- _Source data_:
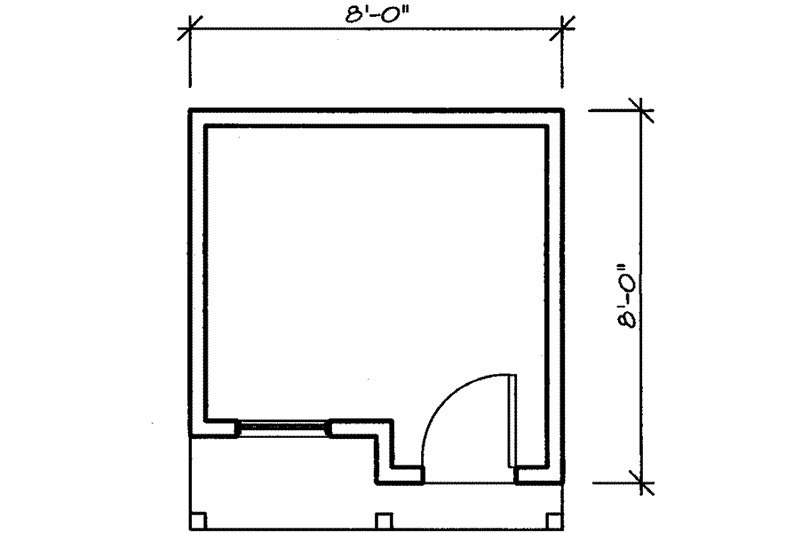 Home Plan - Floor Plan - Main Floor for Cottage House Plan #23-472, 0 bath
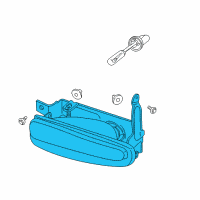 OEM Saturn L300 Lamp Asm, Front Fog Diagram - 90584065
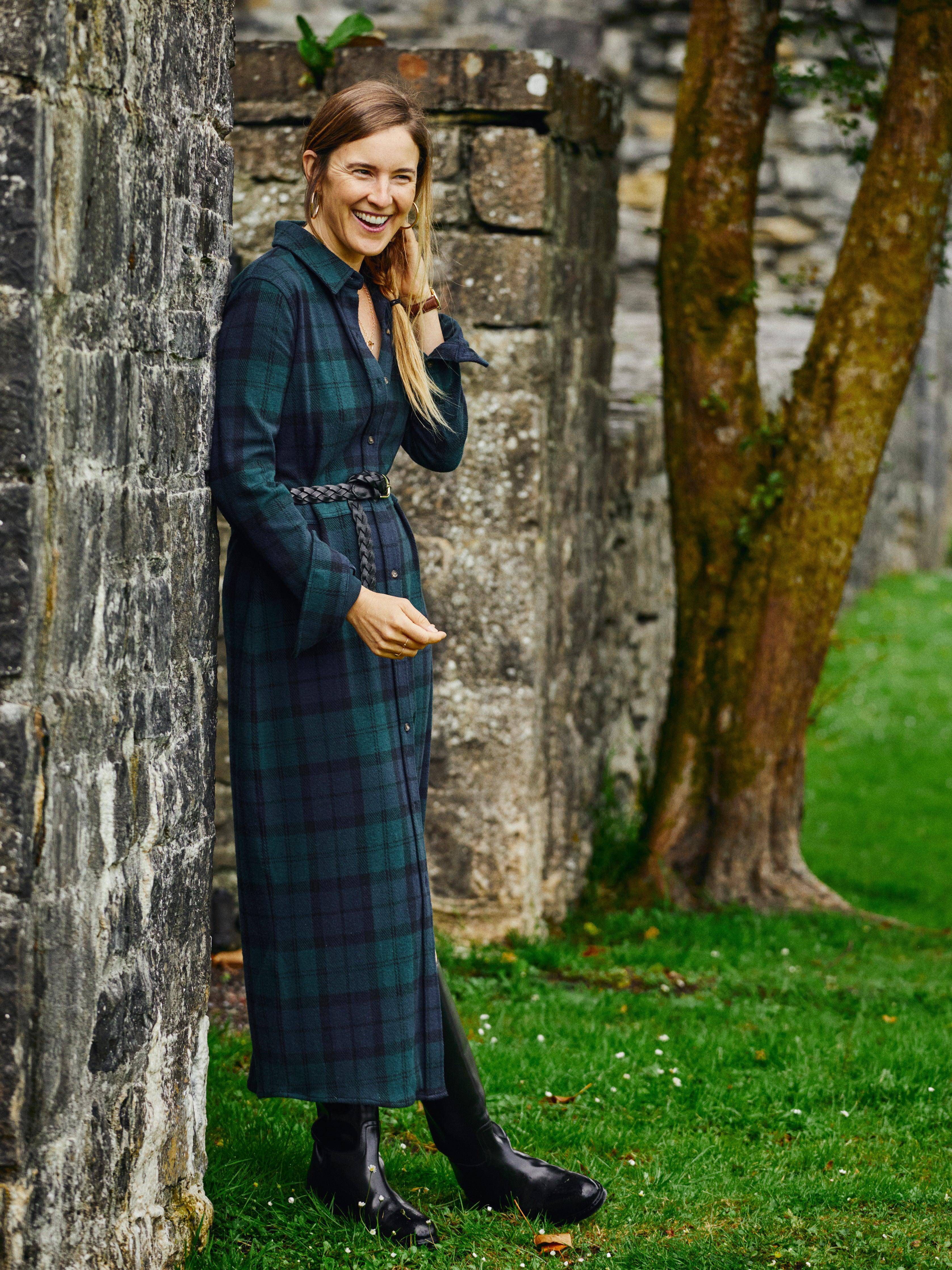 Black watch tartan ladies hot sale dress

- _Goal of the exercise_: Copy the material verbatim. The pictures are not part of the copy.

- _Task response_:
 Home Plan - Floor Plan - Main Floor for Cottage House Plan #23-472, 0 bath
 OEM Saturn L300 Lamp Asm, Front Fog Diagram - 90584065
 Black watch tartan ladies hot sale dress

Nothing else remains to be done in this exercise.